트리 생성 과정 (Tree Induction)

1. 분할 기준 속성 선택 : 불순도(impurity)가 가장 많이 감소하는 속성을 선택

2. 속성 값을 기준으로 데이터 분할

3. 자식 노드에서 반복

4. 정지 조건 도달 시 멈춤 (ex. 정보 이득이 거의 없음)

분할 기준 속성 선택 방법

분할 할 때 기준은 가장 순수한(homogeneous) 자식 노드를 만드는 것을 목표로 한다.
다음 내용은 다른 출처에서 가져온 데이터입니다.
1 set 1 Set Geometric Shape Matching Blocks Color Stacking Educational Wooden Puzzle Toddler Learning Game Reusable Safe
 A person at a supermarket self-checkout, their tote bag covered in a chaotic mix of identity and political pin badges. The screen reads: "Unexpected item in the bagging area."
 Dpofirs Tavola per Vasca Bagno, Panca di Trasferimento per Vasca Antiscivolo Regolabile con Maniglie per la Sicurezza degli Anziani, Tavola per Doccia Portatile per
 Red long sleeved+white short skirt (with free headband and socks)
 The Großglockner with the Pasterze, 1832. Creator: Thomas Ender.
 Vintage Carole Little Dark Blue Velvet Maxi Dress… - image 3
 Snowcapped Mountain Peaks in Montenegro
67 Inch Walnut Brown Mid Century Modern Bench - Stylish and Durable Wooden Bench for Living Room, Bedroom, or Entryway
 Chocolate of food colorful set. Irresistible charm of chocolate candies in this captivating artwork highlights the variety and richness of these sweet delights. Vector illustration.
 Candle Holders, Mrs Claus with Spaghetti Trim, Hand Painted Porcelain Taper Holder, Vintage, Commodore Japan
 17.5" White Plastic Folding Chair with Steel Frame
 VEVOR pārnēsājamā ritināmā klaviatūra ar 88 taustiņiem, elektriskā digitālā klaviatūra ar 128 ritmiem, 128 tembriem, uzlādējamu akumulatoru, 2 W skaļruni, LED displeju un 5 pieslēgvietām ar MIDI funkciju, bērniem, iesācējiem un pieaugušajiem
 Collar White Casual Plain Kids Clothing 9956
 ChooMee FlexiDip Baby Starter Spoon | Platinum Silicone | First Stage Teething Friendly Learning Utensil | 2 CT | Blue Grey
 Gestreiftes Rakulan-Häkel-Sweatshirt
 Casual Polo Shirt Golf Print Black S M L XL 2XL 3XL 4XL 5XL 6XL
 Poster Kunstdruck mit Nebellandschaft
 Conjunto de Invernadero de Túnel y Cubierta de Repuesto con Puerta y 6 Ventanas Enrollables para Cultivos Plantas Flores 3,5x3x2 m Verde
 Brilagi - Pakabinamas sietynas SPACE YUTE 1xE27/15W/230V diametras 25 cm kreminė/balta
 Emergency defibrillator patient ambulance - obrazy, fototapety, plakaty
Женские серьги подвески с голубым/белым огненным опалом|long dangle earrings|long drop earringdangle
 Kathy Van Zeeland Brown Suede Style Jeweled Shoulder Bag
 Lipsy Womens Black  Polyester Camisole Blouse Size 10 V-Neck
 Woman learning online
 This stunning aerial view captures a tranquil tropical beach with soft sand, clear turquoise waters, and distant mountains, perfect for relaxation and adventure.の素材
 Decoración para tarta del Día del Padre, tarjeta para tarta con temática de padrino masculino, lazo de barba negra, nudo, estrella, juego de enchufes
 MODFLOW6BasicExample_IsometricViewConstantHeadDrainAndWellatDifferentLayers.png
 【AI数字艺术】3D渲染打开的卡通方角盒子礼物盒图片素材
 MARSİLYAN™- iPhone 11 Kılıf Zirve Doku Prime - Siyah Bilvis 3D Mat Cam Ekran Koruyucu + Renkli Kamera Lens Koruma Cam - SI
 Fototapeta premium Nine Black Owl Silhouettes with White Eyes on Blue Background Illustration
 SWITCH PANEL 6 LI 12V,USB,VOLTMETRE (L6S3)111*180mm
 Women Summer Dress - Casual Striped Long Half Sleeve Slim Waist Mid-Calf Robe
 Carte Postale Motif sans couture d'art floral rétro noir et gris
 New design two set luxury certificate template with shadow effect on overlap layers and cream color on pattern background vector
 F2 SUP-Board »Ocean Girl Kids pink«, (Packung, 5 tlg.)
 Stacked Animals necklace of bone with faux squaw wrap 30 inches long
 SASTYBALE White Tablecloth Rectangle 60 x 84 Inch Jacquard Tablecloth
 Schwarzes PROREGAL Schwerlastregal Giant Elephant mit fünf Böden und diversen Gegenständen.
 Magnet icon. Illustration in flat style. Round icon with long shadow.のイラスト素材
순수하다 == 불순도(impurity)가 낮다라는 의미이다. 여기서 불순도의 측정 방법은 여러가지가 있다.

불순도 측정 방법

1. Entropy ( 엔트로피 )

2. Information Gain ( 정보 이득 )

3. Gain Ratio (C4.5 방식)

4. Gini Index (CART 사용)

속성 유형

또한 속성 유형에 따른 분할 방식도 고려 해야한다.

트리 생성 예시

위의 샘플을 기반으로 소설의 히트 여부를 예측하는 Decision Tree를 생성해보자

step 1. split 전 전체 엔트로피 계산

step 2-1. Novelist를 기준으로 split 후 엔트로피 계산

step 2-2. Novel Genre를 기준으로 split 후 엔트로피 계산

step 3. Information Gain 선택

Novelist를 기준으로 했을 때 엔트로피는 0.857, Novel Genre를 기준으로 했을 때 엔트로피는 0.963

Information Gain을 구해보면

0.985-0.857=0.128

0.985-0.963=0.022

이므로 Information이 더 큰 Novelist를 루트 노드로 선택한다.

Decision Tree의 장단점

Decision Tree는 규칙이 직관적이고 연속형, 범주형 데이터가 모두 처리 가능하며 전처리가 거의 필요 없고 변수의 중요도를 시각화 가능하다는것이 장점이다.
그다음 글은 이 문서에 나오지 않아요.